経営者が行うべき重要な仕事のひとつが、従業員の教育です。
1人前に仕事をしてもらえるようになるために、さらに上のレベルの仕事をしてもらえるようになるために、大切なことです。
こうした教育は、OJTで行われる時もあれば、外部研修という形で行われることもあります。
今日は、この外部研修についてのお話です。
ある社員が入社しました。
社長としてはすごく期待をしていたので、いろいろと外部研修を受けてもらいました。
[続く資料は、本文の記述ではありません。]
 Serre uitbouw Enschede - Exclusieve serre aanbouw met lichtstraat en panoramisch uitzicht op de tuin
中には高額のものもありましたが、これからを担ってくれる逸材ということで期待をして受けさせました。
ところが…。
入社して6ヶ月程度たったある日、ちょうど研修も一通り終えて、これから学んだことを活かしてガンガンと働いてもらおうと思っていたら、本人から退職届が出てきました…。
社長は激怒、この間に受けさせた研修費用総額50万円を返金させろと総務担当者に命令したわけです…。
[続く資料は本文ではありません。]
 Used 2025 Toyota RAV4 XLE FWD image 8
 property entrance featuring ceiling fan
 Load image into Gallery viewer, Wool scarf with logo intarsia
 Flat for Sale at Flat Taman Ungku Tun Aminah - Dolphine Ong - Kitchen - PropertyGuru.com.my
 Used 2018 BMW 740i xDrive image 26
この返金請求が正当がどうかというのが今日のテーマです。
答えから言えば、定義次第でクロ(完全違法)かグレー(微妙)に分かれるというところです。
(1)原則クロ
以下のようにしっかり定義してあってもクロです。
入社以降2年を経過しないで自己都合退職する者について、在職時に会社が費用を負担した研修があった場合には、その要した費用を返金させる。
これは、労働基準法における、強制労働に該当するというのが一般的な見解です。
2年未満で自己都合退職すれば、研修費用を自己負担しなくてはならなくなるわけです。会社がかけた研修費用が多額の場合には、実質返金が不可能と言うケースもあり、そうなると、自己都合退職が2年間できないことになってしまいます。
こうなると、2年間はそこで働くことしかできないため、結果的には強制労働を強いているに等しいということになってしまうわけです。
強制労働を禁止した理由の一つである、丁稚奉公と同じ状況になってしまうわけです。
(2)グレーなケース
グレーなケースは以下のようなケースです。グレーというのは、現状、お咎めなく運用されているが、実態はあまりクロのケースと変わらないので、前提条件が少し変わっただけで違法とされる可能性があるという意味です。
・研修への参加は自由意志(不参加を不利益取り扱いしない)
・研修費用は貸付
・研修終了後、一定期間勤務によって返済を免除
(あるいは返済額相当を給与に上乗せ)
看護師学校の費用を負担してあげて、お礼勤務的に運用されているのがこのパターンです。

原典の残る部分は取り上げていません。